BATTERY 9 - Sondebok
Even though there has been a few live line-up changes over the last few
years (in guitar and live drum departments with Battery
9 godfather also playing bass), the recording
core and creative driving force of this stalwart South African project
remains that of Mr. Paul Riekert.
While moving into a new era, the Battery
9 hallmarks are still there with it's
borderline industrial dance flavour and the muffled & distorted guitar
riffs, thumping beats & pulses and (mostly) distorted vocals. The emphasis
is still firmly on the Afrikaans language with only about a third of the
material venturing into Anglicized realms. It maintains its delving into
the darker side of things with a predominant hard dance ethic behind its
varied pages, each revealing something else as you turn it over - Be it
a disturbed psyche, Afrikaans Rap, an encounter with the devil or a sense
of humour (the latter three all to be found in Iets Om Te Blameer
with live painter Huyser
on vocals). The expected electric guitar stabs get a surprising acoustic
alternate while loops form the base of several of the 14 tracks on this,
their first major label release (recently signed to Gallo SA).
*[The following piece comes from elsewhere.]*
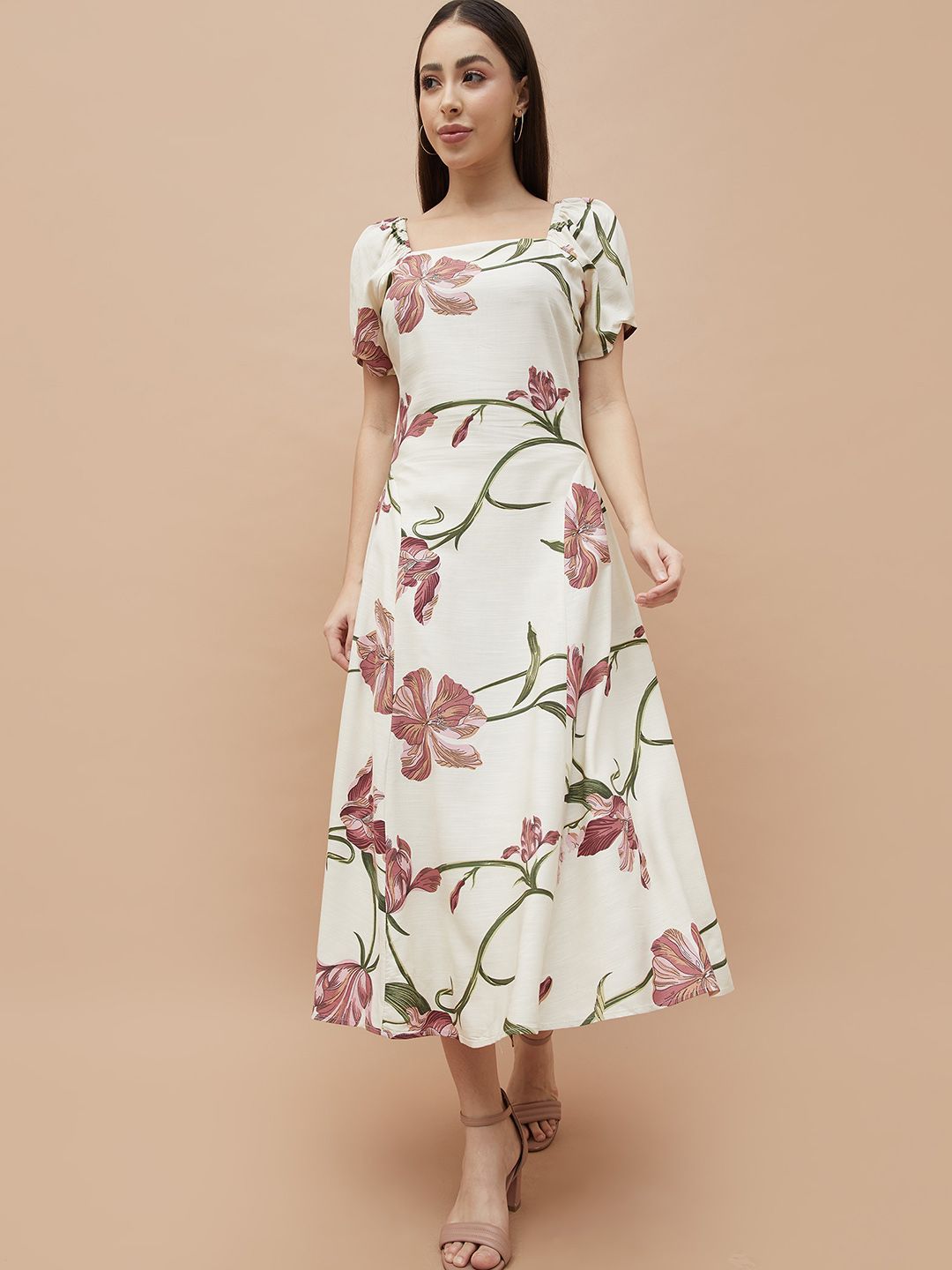 sachin and babi light blue dress Casual Midi Dresses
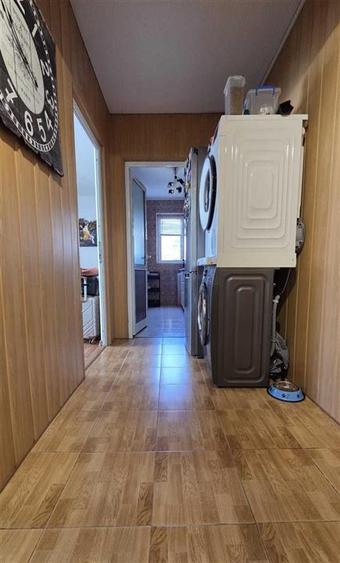 Apartament cu 2 camere decomandat, mobilat în Păcurari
EBM traces
can be found while the Battery 9
version of a ballad come in the shape of the slow drifting number, Kudu
Salad, it's closing track Skryf Dikwels Hoor also projecting
a sad, somber but relieved tone. A rip-off Afrikaner Blues lament is set
to a slow cheap organ waltz with a drinking song chourus slapped onto
it, aptly named Kakstraat. In some of the overwhelming electronically
created songs Industrial dance acts like Klute
come to mind, but in the end it's still very-very "Battery 9".